_Data extracts_:
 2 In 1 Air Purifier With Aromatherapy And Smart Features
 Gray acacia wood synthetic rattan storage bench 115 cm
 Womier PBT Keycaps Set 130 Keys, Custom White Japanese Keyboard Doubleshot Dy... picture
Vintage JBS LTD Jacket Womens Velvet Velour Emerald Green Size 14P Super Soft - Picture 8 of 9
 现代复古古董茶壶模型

* * *

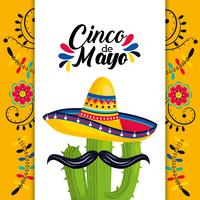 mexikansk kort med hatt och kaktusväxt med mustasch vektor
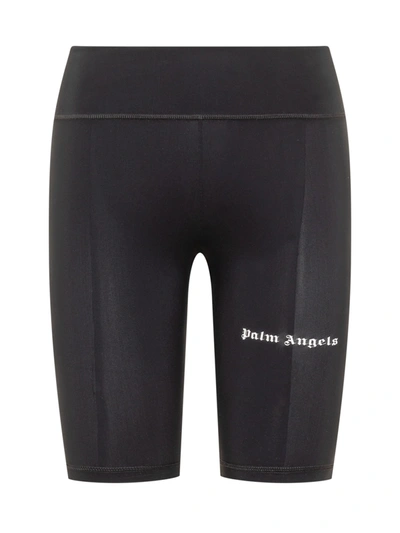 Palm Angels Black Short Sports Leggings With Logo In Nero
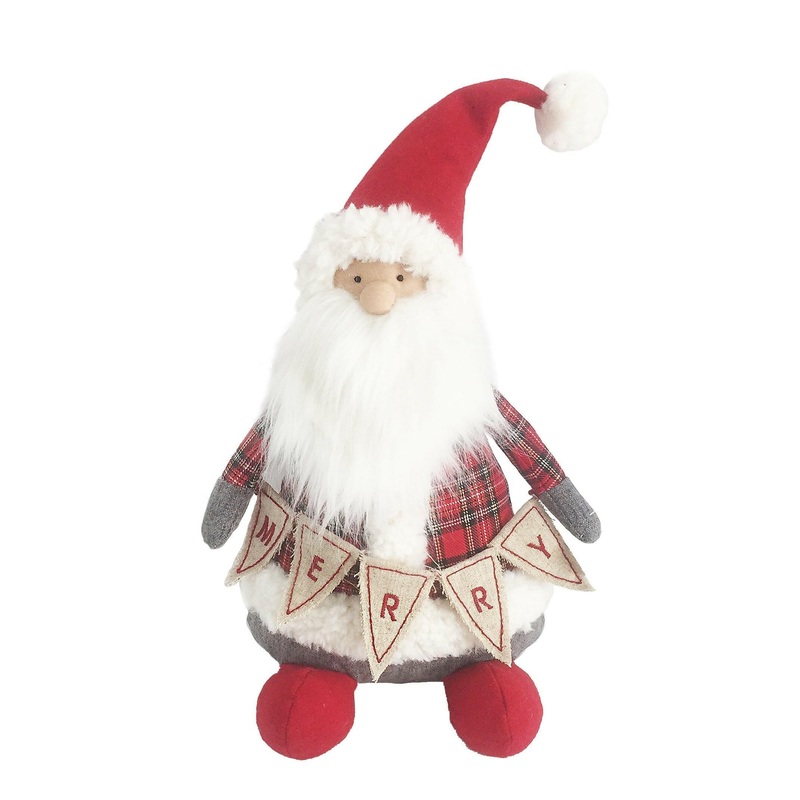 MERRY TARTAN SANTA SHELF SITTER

---

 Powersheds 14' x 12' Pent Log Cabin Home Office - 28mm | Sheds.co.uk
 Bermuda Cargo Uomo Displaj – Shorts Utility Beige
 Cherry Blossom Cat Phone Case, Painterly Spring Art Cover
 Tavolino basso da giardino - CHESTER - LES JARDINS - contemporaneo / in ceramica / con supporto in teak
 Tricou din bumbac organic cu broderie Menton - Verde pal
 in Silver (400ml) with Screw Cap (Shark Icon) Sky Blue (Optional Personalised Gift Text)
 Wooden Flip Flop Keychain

_About this exercise_:
In the listing above, find the line containing "Palm Angels Black" and the line containing "MERRY TARTAN SANTA SHELF SITTER", then write out both of them and every line between, exactly, with no pictures.

_Exercise result_:
 Palm Angels Black Short Sports Leggings With Logo In Nero
 MERRY TARTAN SANTA SHELF SITTER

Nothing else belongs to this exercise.